* _ASSIGNMENT_
Aside from the pictures, copy the listing exactly.

* _DATA BELOW_
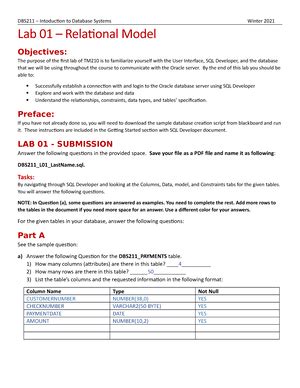 Dbs Lab Chadha Dbs Lab Dbs Introduction To Database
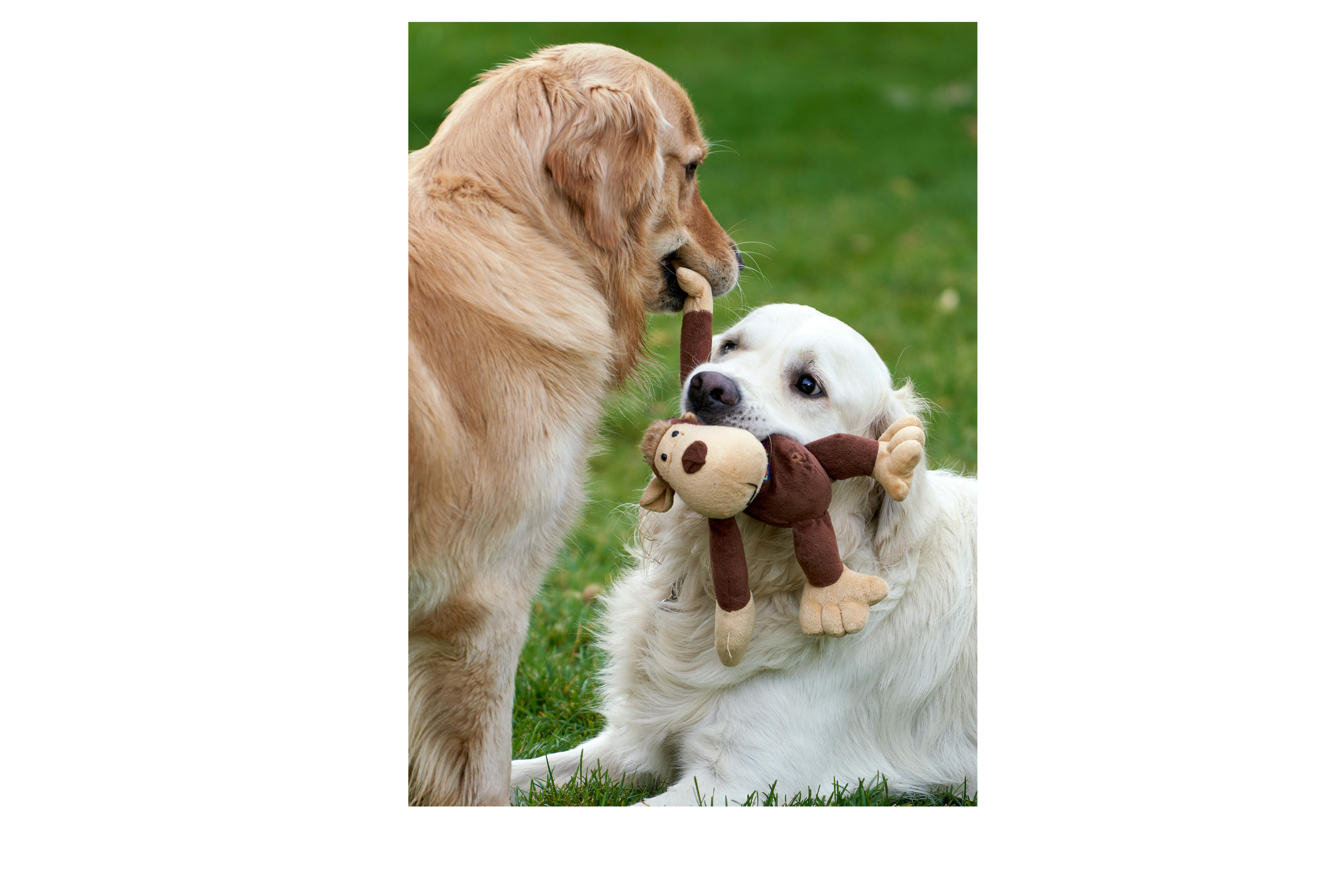Dog Toys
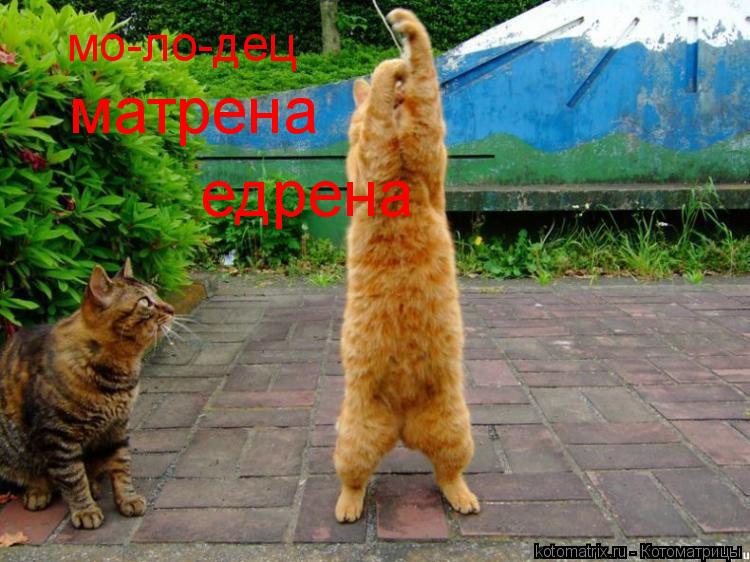 мо-ло-дец матрена едрена... Котоматрица: мо-ло-дец матрена едрена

* _THE ANSWER_
 Dbs Lab Chadha Dbs Lab Dbs Introduction To Database
Dog Toys
 мо-ло-дец матрена едрена... Котоматрица: мо-ло-дец матрена едрена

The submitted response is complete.